Quando eu era mais jovem, podia dizer com orgulho, tranqüilidade e facilidade quem eu era. E eu era tantas coisas! Mas cresci. A fantasia de Spiderman não serviu mais na cintura, as capa do Batman ficou curta.  Acho que a vida foi me dando tapas na cara em quantidade suficiente para me acordar do sonho adolescente letárgico e ver que eu não era nada daquilo que pensava ser. Porém, madrasta que é, a vida não foi generosa comigo me dando indicativas do que eu poderia ser em lugar daquilo que ela me disse que eu não era. Ou talvez até tenha mostrado o caminho e eu não entendi o que ela quis dizer.

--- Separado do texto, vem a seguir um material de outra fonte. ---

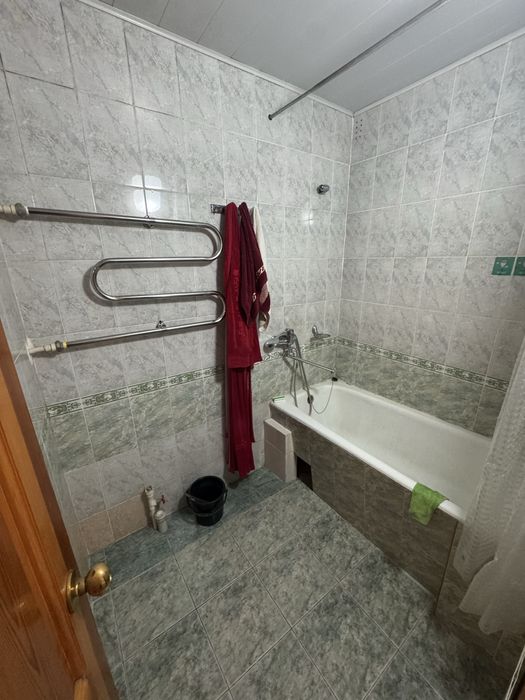 Сдаётся квартира каракамыш 1/4 трехкомнатная на первом этаже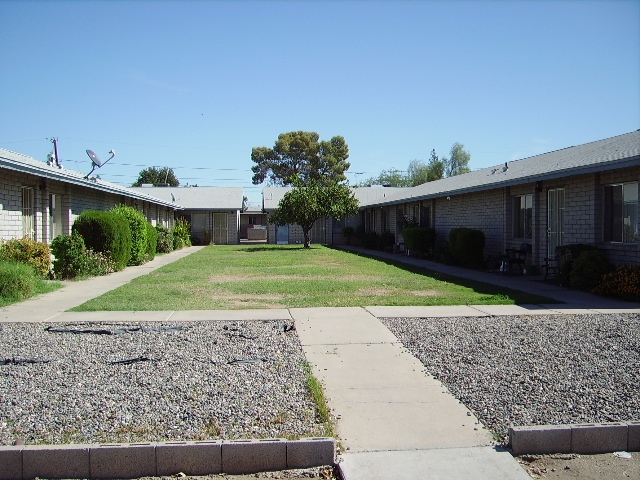 12601 N 113th Ave in Youngtown, AZ - Building Photo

Como entender algo em uma língua desconhecida quando a gente mal conhece a língua materna para comunicar as coisas mais primitivas?
À medida que o tempo foi passando, fui sendo despido das imagens irreais do que era. E cheguei no meio do caminho, completamente nu e sem poder dizer, batendo no peito com orgulho: “Eu sou isto. É isto que sou!”.  Parado no meio do caminho, me apoiando em uma pedra aflorada, vendo a correnteza aumentar, sentindo que devo achar um ponto de apoio seguro para seguir em frente e sem conseguir encontrar, eu paraliso, mesmo sabendo que a única alternativa é continuar em frente. Torno-me três “Eus” distintos. Um ficou para trás em uma margem, o outro está à frente, na outra margem, e um terceiro está entre eles. E é inerte no meio da correnteza que olho com distanciamento para cada um deles me pergunto: Afinal, aquele é o que eu sou?